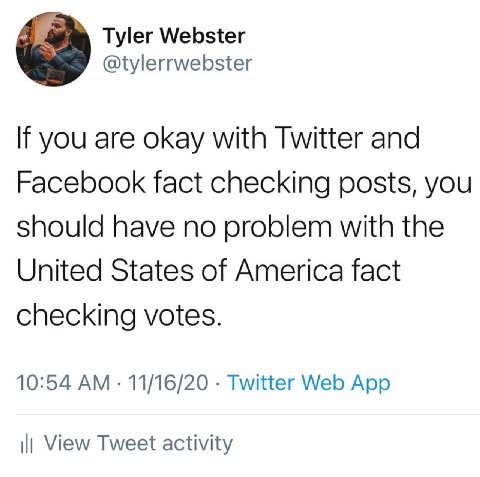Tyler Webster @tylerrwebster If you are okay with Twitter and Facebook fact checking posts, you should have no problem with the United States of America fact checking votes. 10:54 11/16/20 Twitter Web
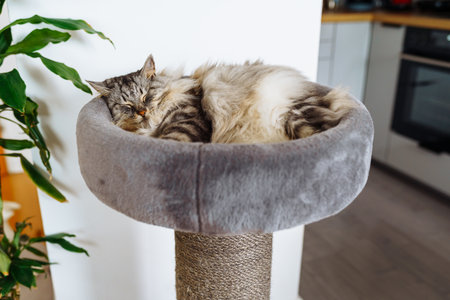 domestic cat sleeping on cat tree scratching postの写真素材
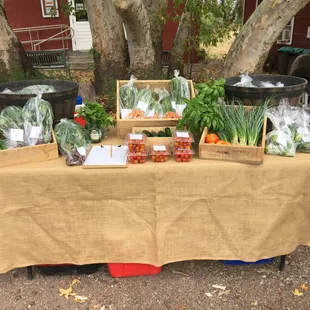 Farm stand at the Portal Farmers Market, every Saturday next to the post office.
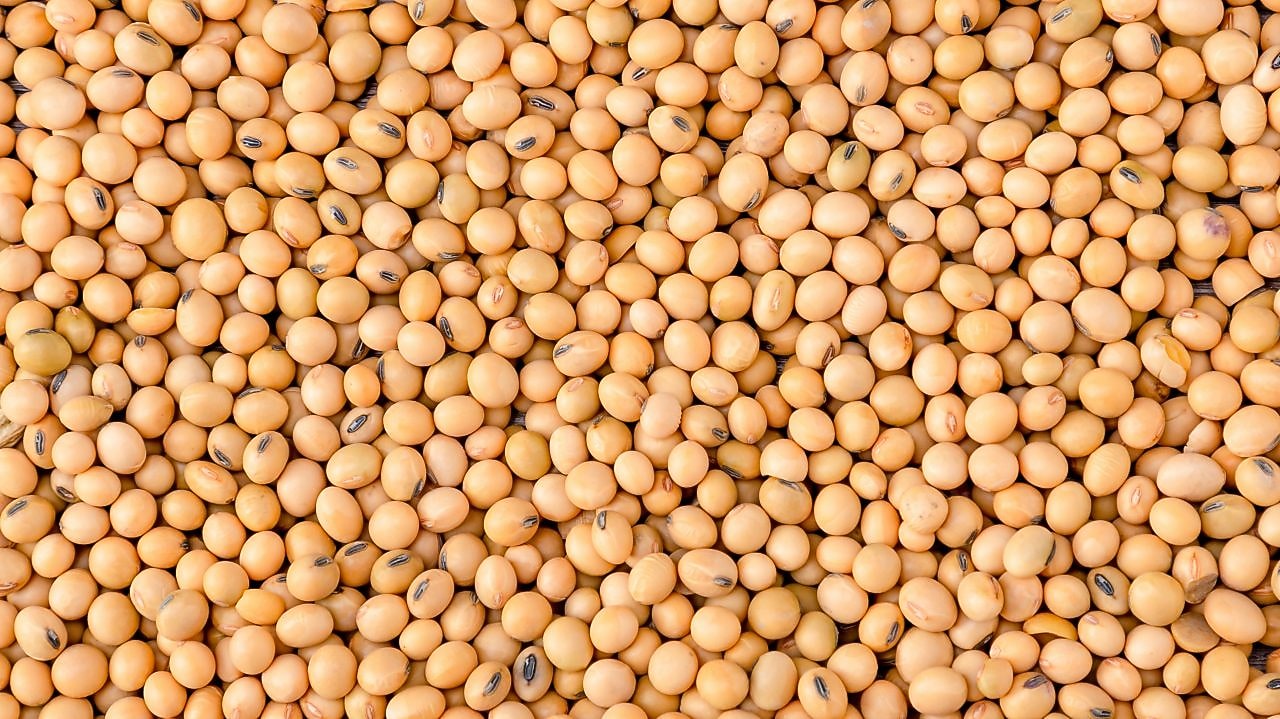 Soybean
==
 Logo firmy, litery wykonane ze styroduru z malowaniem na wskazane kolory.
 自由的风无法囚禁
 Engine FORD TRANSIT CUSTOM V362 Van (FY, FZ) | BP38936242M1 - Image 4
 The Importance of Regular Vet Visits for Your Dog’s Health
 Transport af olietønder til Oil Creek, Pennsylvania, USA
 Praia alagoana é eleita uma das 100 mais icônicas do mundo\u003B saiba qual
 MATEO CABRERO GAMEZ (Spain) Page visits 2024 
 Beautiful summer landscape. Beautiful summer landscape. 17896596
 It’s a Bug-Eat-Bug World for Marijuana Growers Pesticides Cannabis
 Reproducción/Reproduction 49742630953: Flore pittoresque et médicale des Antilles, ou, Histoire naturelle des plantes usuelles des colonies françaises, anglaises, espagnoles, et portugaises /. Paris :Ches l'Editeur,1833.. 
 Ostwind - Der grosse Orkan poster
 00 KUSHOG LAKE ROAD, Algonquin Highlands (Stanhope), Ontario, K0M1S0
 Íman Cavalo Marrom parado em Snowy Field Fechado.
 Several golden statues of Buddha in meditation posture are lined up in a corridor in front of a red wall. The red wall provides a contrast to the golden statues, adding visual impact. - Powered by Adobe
---
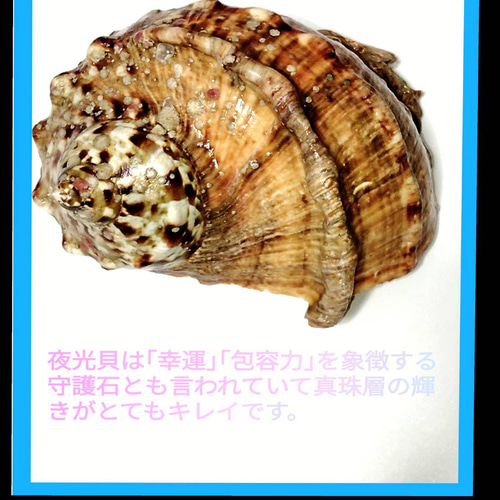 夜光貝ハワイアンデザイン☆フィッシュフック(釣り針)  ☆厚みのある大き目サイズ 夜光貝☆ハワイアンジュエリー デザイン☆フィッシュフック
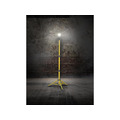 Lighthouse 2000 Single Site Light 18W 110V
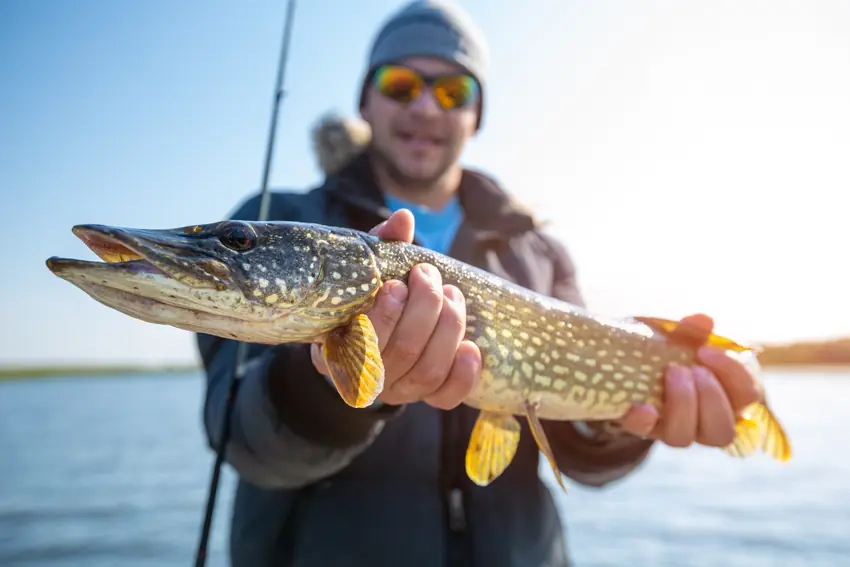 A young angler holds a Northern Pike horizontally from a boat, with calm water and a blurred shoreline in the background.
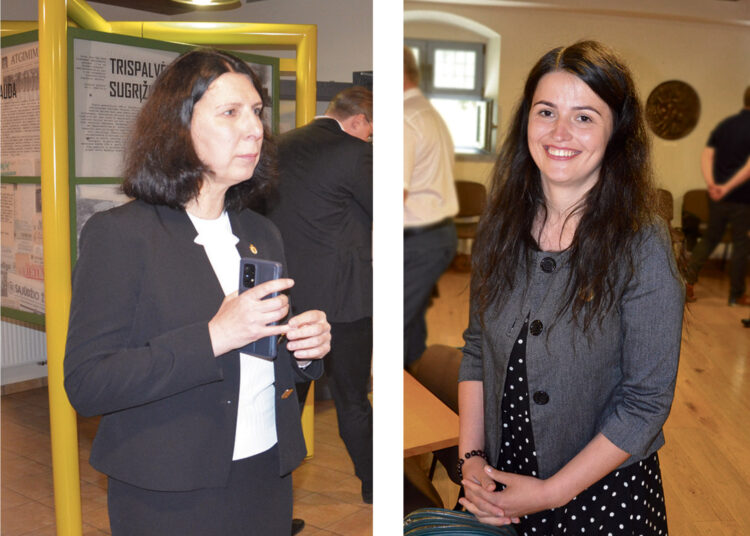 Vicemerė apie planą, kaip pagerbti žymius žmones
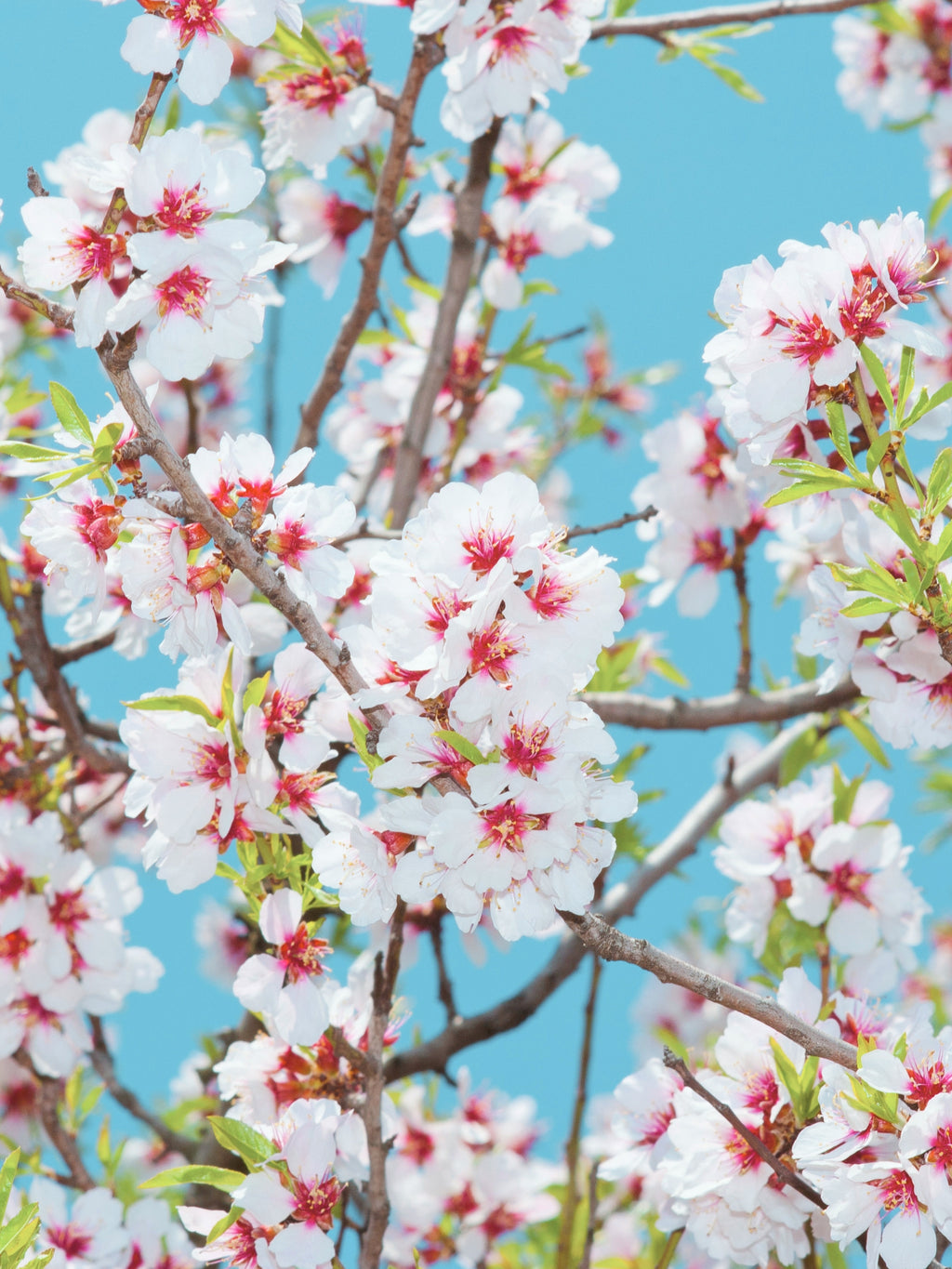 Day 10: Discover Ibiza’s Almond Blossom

> _PROBLEM_
Restate word for word only the lines above from the line containing "Ostwind - Der grosse Orkan poster" to the line containing "Several golden statues", both of them included.

> _EXERCISE OUTPUT_
 Ostwind - Der grosse Orkan poster
 00 KUSHOG LAKE ROAD, Algonquin Highlands (Stanhope), Ontario, K0M1S0
 Íman Cavalo Marrom parado em Snowy Field Fechado.
 Several golden statues of Buddha in meditation posture are lined up in a corridor in front of a red wall. The red wall provides a contrast to the golden statues, adding visual impact. - Powered by Adobe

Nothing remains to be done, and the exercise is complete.